I close my eyes and open my heart to the highest good of all. The loving energy I recognize as Spirit appears and words begin to flow, beginning always with a phrase of acknowledgement for our connection, one to the other.
I can count on you
When I come to call
Let me be the one to share
Spirit asks me to keep in mind, that without comprehending the lesson before learning it, I must trust what I know of Spirit to my core, or miss the love inherent in the message. I didn’t understand this at the time, which allowed for the lesson to be fully felt – much to my great appreciation after the fact. Spirit cautions, I may find myself listening from a place in my journey that is no longer where I am today with these words.
Although you think you know
The intention of my heart
All manner of changes have occurred
Since we last spoke
The you, you thought you knew
Has changed substantially
As words continue to flow I find myself deeply taken aback (having missed Spirits’ caution). Sickened by the words moving through, I fight the urge to disengage. Is this a dark spirit, spitting harsh words to some poor suffering soul? I vow in the moment to never share these words for fear of crushing someone to their core. Surrounding myself with love and light, I distance myself purposefully from the spiteful energy speaking through me and continue to channel from a place of safety.
What happens next takes me by surprise. As the words continue to flow, I recognize I can relate quite profoundly to what I hear with fear that others may have thought these very words of me. I cringe as I continue to write, imagining how devastating it would be to have someone speak to me in this way.
The voice in spirits says:
I am no longer willing to listen
To the whining and complaining of your heart
There is no place for me in it
I refuse to take part!
Do you understand
How exhausting you’ve become?
One minute happy
No amount of love and support
Could touch the depth of your grief
I’m no longer willing
To be the one you call on
There ain’t no way baby!
Take this energy elsewhere!
Let your own healing begin
Without my presence
I’m no longer willing to be there for you
Let go of your constant badgering
Be gone with you
That part of you that bleeds me dry
It’s up to you now,
To find your own path to healing
Although utterly confused, knowing in my heart this is not Spirit speaking to me directly, I cannot help but ask anyway. With furrowed brow I wonder, “Is Spirit forsaking me?”

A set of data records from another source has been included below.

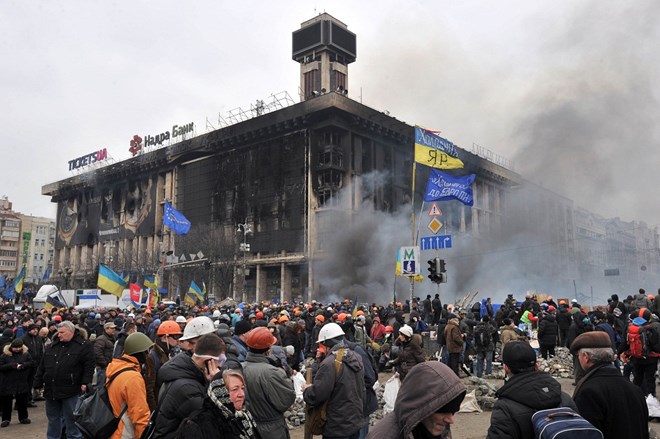Khung cảnh như bãi chiến trường ở thủ đô Kiev ngày 19/2 (Nguồn: AFP/TTXVN)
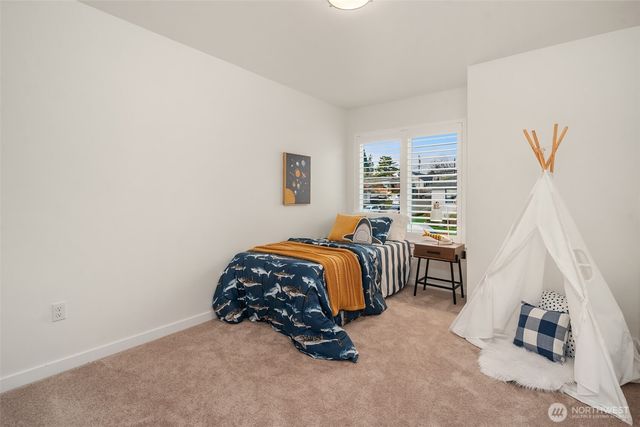 2401 E 16th Street, Bremerton, WA 98310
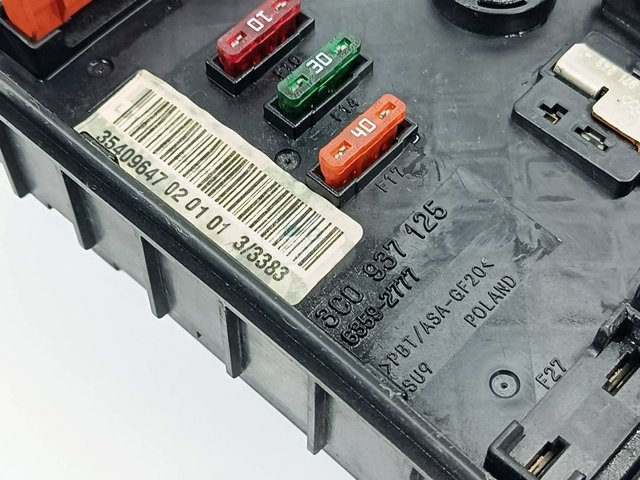 Unidade de dispositivos de segurança Volkswagen Passat 3C2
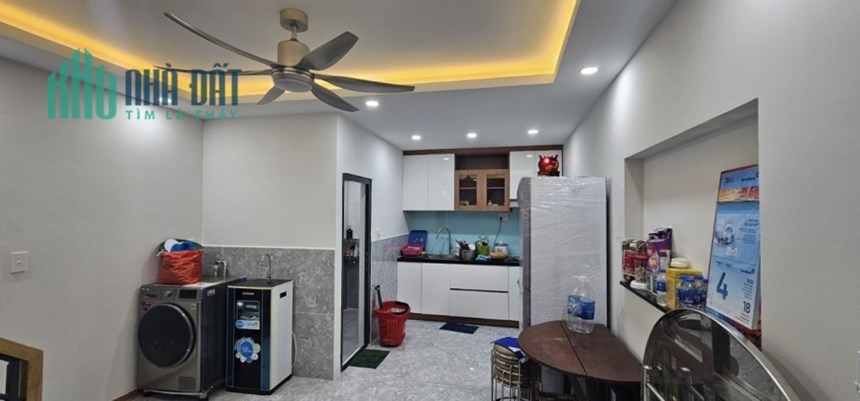 Ngộp Lê Hồng Phong - Quận 5 - HXH Thông  - 4 Tầng - 50m2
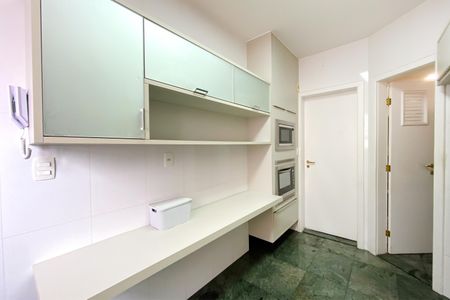 Apartamento para alugar com 130m², 3 quartos e 2 vagasCozinha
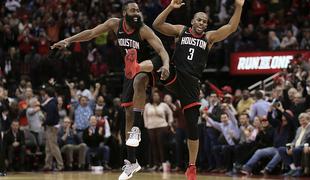 Chris Paul je trojke metal kot nor, v finalu tudi Golden State Warriors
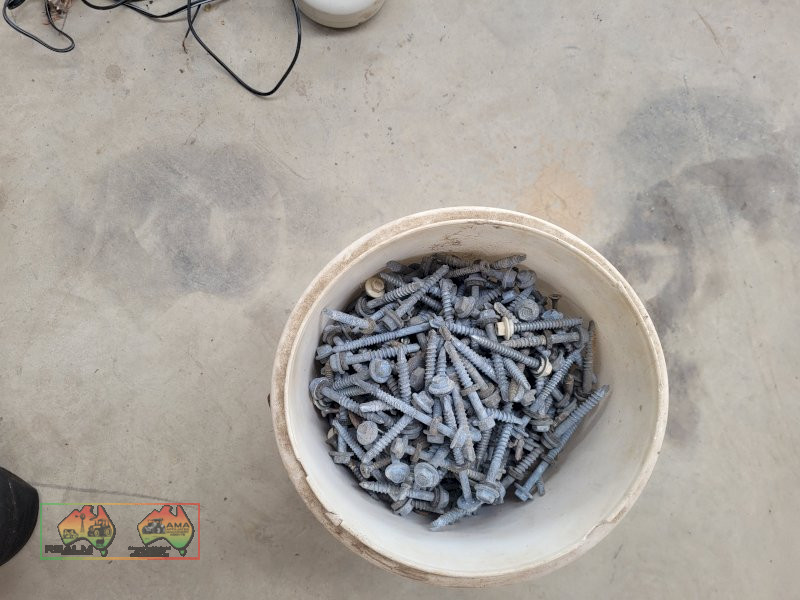 Hex Head Roofing Screws (Kyabram Vic.) - photo 2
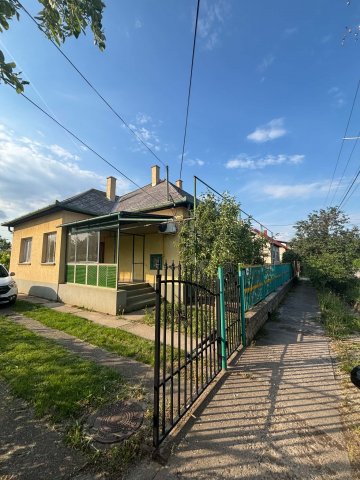 Eladó családi ház, Szegeden 86.9 M Ft, 3 szobás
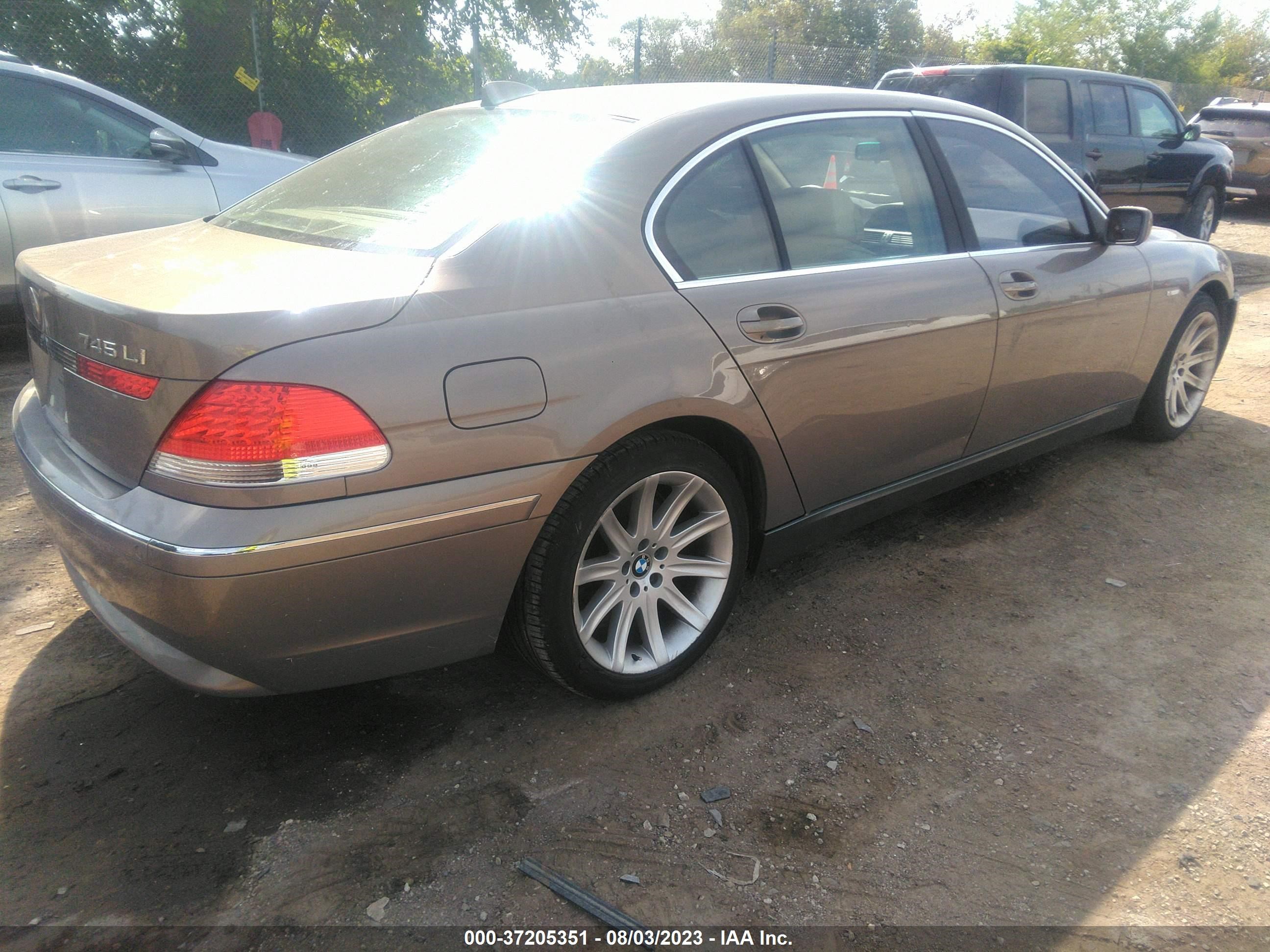 Photo 3 VIN: WBAGN63514DS54659 - BMW 7ER 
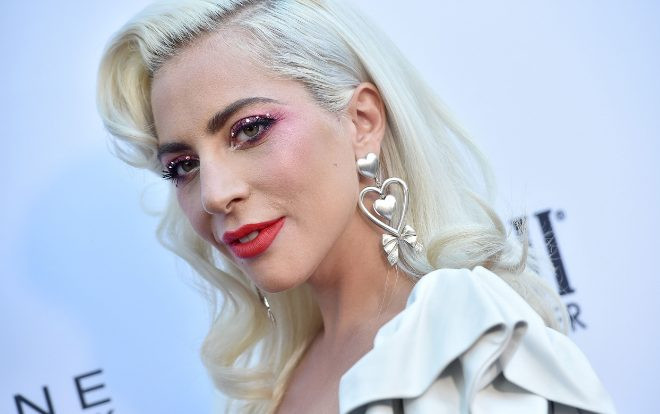 Lady Gaga quay ngoắt sang style bánh bèo như công chúa Disney Ảnh 2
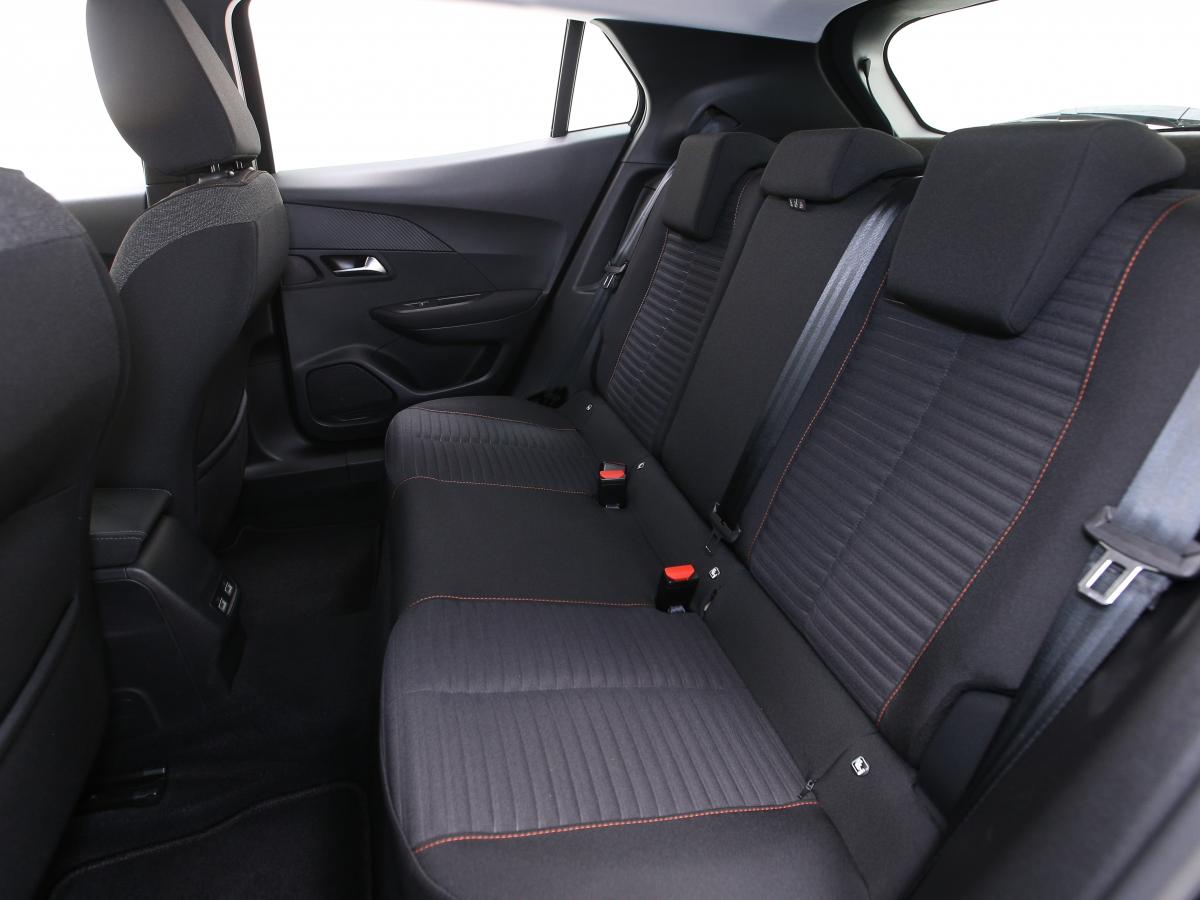 peugeot-e-2008-2021-eletrico-0cc
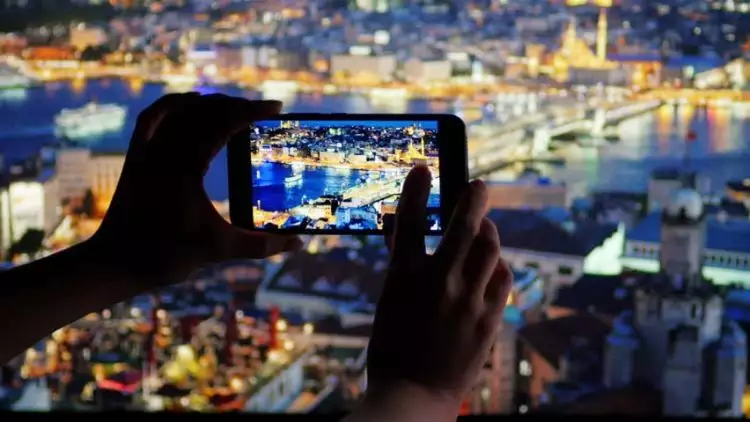 5 Pilihan smartphone yang andal buat berburu foto di malam hari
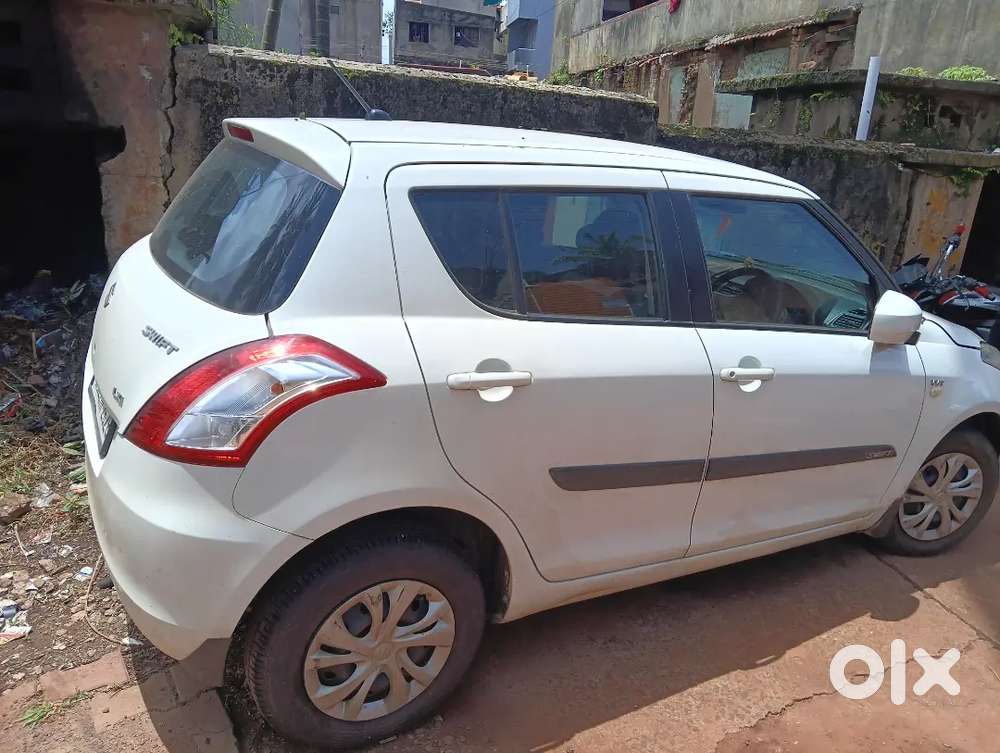Maruti Suzuki Swift 2011 Lxi Petrol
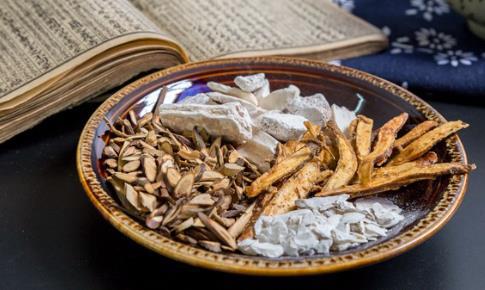 制作美味鮑魚的食譜分享-易網健康<a href=http://m.henggaotouzi.com/jkys/ target=_blank class=infotextkey>養生</a>網 制作美味鮑魚的食譜分享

“Are you speaking to me?” I ask.
Spirit immediately reassures me,
Be one with the idea
That we will never part
That we are one
On all levels
Now the lesson is imparted.
Be kind to yourself
And you are kind to me
Be kind to yourself
This is you
Speaking to you
Gather all of who you are
Into one room
Then celebrate you
In all your many facets
And you will know what love is
Do you see how the ‘dark energy’ was really a reflection of myself? There was no evil spirit trying to speak through me in this instance. The negative energy I encountered was my own darkness manifest into an external state dancing before me in hopes I might recognize my own punitive state of being, and do something about it.
Isn’t it an shocker to recognize that while we may not imagine we would ever speak so harshly to someone we know and love, all along, we can be one who speaks this way ––to ourselves!
With loving gratitude, I thank Spirit for reminding us that the words we choose when speaking to Self is deeply felt. We can abandon ourselves when in the greatest need without being aware of it on a conscious level. Through this channeling, Spirit invites us to raise our awareness of our internal dialogue in order to reconsider our approach, if we recognize ourself in this story. Words of loving kindness toward self, will indeed serve to support and encourage our soul self, to a far greater depth than we may be aware.
Be your own best friend!
Here’s to your courageous spirit as you move forward with love on your earth journey! Know you are never alone, even if you choose to separate yourself from yourself at times, in order to gather the strength necessary to move forward with fortitude.